As the US Senate votes to shoot down regulation that would prevent the mentally ill from buying firearms, an Angus man’s photojournalism project is targeting gun violence in the United States. Michael Alexander reports.
When Donald Trump was sworn in as the 45th president of the United States on January 20, few breathed a greater sigh of relief than the five million members of the National Rifle Association of America (NRA).
The powerful gun lobby, which represents around 6% of America’s estimated 81 million adult gun owners, regarded Trump’s election as an important means of protecting the US Constitution’s Second Amendment – the principle that in a government of laws, and not of men, ultimate power and authority reside with the people.
That includes the power of self-defence, so that no person is left to depend solely on the state’s good graces for his or her very life.
But there’s a heavy price to pay for the estimated 300 million guns circulating within the USA.
According to the American government’s own statistics, an average of 11,737 people are shot dead annually by fellow Americans, including 21 shot dead accidentally each year by armed toddlers.
The “madness” of the situation is central to the work of Angus-based lawyer and photographer Jamie Hunter, whose new photojournalism project – Guns in America: Where Do You Go From Here? – showcases a series of 84 frank images and text that explores both sides of the gun issue: survivors of gun violence and advocates of gun control in Chicago, juxtaposed with images of gun owners in the affluent suburb of Southlake, Texas.

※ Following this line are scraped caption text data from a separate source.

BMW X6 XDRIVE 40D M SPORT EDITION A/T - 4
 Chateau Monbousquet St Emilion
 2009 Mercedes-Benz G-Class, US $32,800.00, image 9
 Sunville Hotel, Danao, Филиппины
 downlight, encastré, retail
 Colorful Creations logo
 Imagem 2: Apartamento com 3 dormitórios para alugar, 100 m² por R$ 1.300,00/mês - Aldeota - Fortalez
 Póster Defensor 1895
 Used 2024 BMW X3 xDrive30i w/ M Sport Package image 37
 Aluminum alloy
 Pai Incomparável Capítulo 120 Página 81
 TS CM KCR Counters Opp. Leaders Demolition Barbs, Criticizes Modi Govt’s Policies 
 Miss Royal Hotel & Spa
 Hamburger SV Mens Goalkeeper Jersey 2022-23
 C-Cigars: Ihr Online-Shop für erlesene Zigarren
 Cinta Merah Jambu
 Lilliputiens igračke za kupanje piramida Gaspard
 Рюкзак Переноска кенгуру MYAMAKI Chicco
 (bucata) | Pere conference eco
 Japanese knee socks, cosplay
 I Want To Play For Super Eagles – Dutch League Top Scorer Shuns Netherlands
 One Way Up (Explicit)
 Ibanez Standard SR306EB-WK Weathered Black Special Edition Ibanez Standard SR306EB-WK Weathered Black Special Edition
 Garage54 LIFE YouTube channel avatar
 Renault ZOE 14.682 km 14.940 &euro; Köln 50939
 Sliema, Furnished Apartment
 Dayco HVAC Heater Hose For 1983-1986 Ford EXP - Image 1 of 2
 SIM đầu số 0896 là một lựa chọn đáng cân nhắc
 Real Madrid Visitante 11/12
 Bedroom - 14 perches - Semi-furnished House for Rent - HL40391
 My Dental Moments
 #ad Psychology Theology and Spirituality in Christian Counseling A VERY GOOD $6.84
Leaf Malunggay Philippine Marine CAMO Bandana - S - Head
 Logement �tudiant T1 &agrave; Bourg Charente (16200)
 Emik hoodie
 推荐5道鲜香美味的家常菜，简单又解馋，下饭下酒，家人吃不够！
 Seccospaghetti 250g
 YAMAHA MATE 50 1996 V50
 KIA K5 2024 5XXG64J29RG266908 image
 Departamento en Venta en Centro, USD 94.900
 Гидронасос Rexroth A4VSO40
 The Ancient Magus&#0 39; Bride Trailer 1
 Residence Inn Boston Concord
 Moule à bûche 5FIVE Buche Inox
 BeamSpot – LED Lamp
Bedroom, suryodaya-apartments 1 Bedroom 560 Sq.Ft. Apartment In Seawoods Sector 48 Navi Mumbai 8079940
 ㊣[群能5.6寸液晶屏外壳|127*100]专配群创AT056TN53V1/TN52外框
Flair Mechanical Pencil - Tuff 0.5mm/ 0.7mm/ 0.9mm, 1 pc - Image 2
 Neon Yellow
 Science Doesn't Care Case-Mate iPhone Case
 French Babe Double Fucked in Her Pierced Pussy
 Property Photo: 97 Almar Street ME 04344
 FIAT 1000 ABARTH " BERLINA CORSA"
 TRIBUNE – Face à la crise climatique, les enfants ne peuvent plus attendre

Until recently, Jamie, 35, of Edzell – a former Banchory Academy pupil and Aberdeen University law graduate – worked as a planning specialist on projects across the UK including the Trump Organisation’s controversial golf course development in Aberdeenshire.
“I was involved latterly with the application for the second golf course – not the initial controversy – although we did have a few stooshies over a flagpole and the clubhouse,” he said.
Deciding to take a sabbatical from work as a planning consultant, however, it was his long standing interest in photojournalism, and a desire to better understand the impact of gun violence and the continued resistance to gun control in America, that led him to travel to the US in October and December 2016.
“It was something that always interested me,” he explained.
“The whole debate about gun control and how the USA and UK were very similar in many ways but so different when it came to the attitude to guns.
“It was after the Pulse Nightclub shootings in Orlando last summer (when 49 people were killed and dozens more wounded) that I decided to do something about it. I was on holiday with the family in France. I remember watching the news and thinking ‘here we go again…’. The reaction from politicians was always the same but nothing ever changes.”
Jamie travelled to Chicago and Texas where he aimed to capture the faces and stories behind the headlines. They included the Chicago mothers who are grieving lost sons, the Texans who rushed to buy guns in reaction to Obama’s election, and those caught in the middle.
“Americans have succeeded in killing more Americans than anyone else,” added Jamie.
“They worry about terrorism, they worry about who’s going to attack them from the outside, when in fact the most lethal person for an American is almost guaranteed to be another American.”
Jamie admits he found the logic of gun owners in Texas difficult to follow.
“Something I heard several times in Texas was, ʽAn armed society is a polite society,” he said.
“People are more polite to each other around here than they would be in other states, because you never know who’s got a gun in their car.’ Lots of these people genuinely feel that they are safer with guns.”
Squaring pro-gun arguments with the grief and pain left in the wake of gun violence seems impossible, but he was surprised to learn that the gap between supporters of gun rights and gun-control advocates is not as wide as it seems.
“It would be nice for the two sides to understand each other a little better, because I don’t think that the gulf that they perceive between them does actually exist,” he said, noting that most gun owners he met were open to the idea of background checks and psychological evaluations, and most were okay with tighter federal controls.
“That’s really all that most of the gun-violence-prevention advocates I met are asking for,” he said.
Jamie, who went shooting at a Texan gun range during his trip, met Donald Trump at the opening of his Aberdeenshire golf course.
However, he sees no sign that the president will do anything to tighten gun control.
On the contrary, the evidence so far suggests that gun controls might get looser.
*Guns in America: Where Do You Go From Here? will be exhibited in galleries in the UK and US in late 2017.